● EXERCISE DATA:
────

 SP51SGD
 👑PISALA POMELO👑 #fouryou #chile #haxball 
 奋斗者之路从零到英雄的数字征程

────

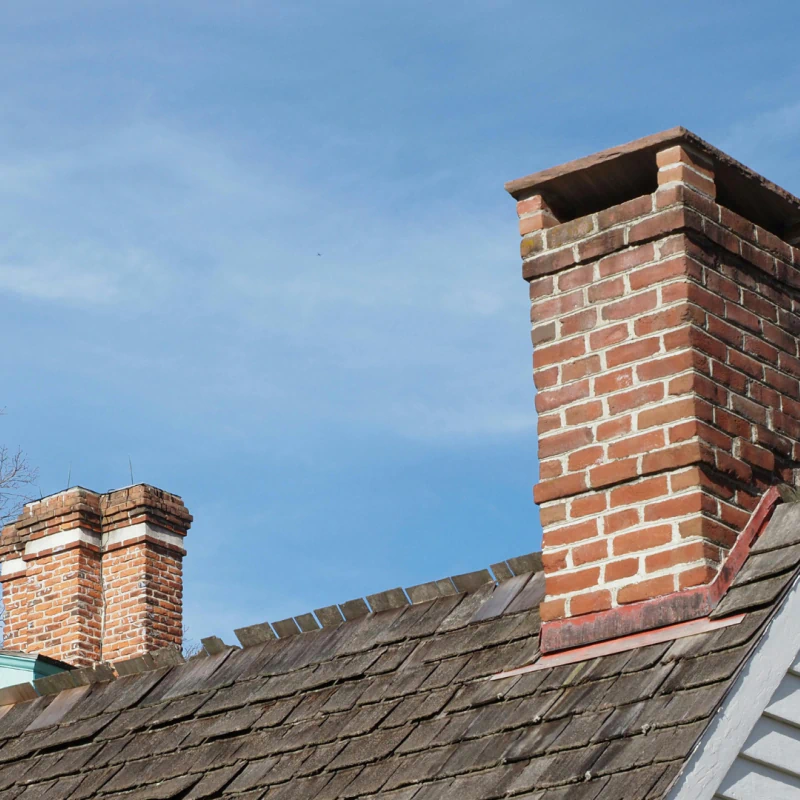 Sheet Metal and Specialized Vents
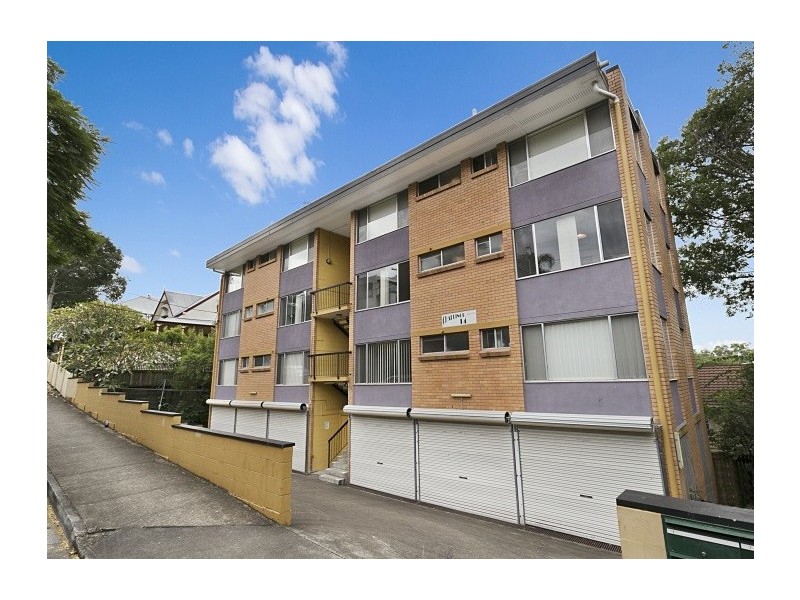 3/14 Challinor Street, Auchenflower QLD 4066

────

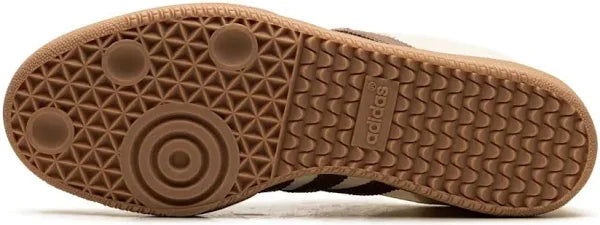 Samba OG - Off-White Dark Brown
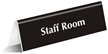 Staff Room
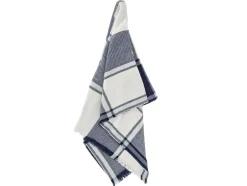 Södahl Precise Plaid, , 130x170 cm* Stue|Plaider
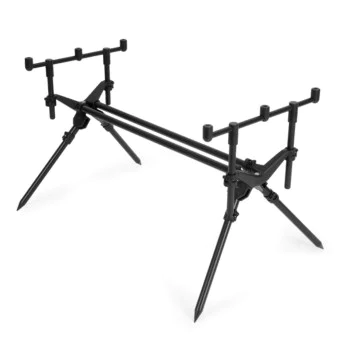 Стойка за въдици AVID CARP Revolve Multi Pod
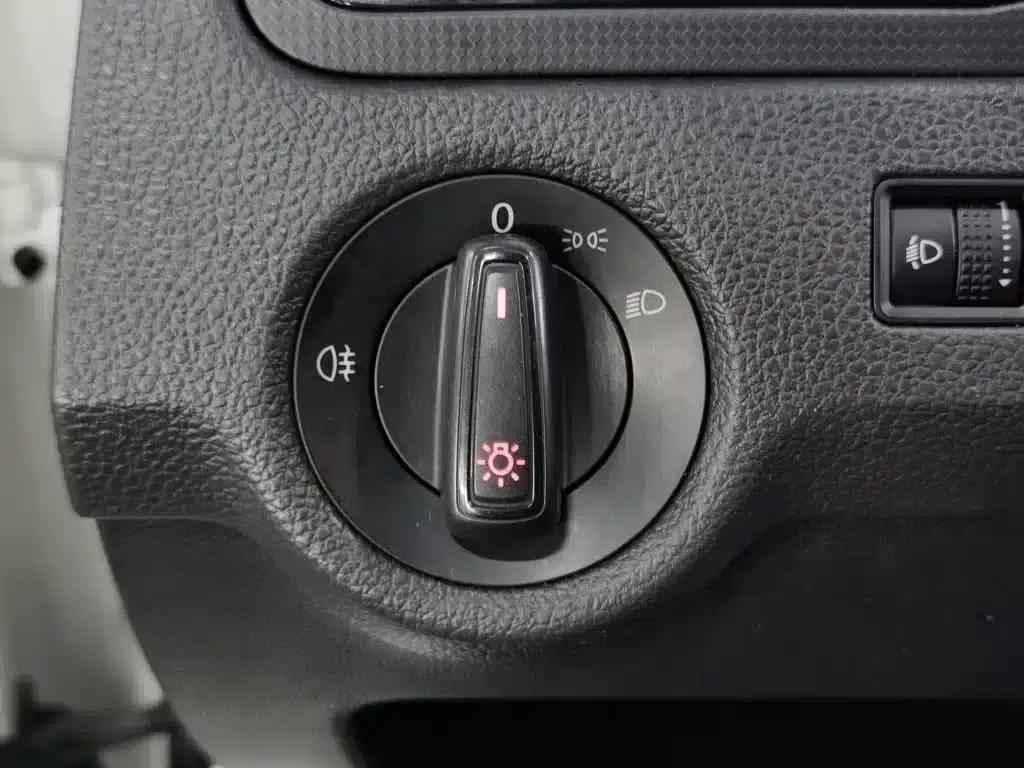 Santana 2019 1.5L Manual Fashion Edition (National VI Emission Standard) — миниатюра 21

────

● EXERCISE AIM: Once the line with "Sheet Metal and Specialized Vents" is found in the data above, reproduce it and each line after it exactly, through the line with "3/14 Challinor Street, Auchenflower QLD 4066". Omit the pictures.

● SOLUTION TO THE EXERCISE:
 Sheet Metal and Specialized Vents
 3/14 Challinor Street, Auchenflower QLD 4066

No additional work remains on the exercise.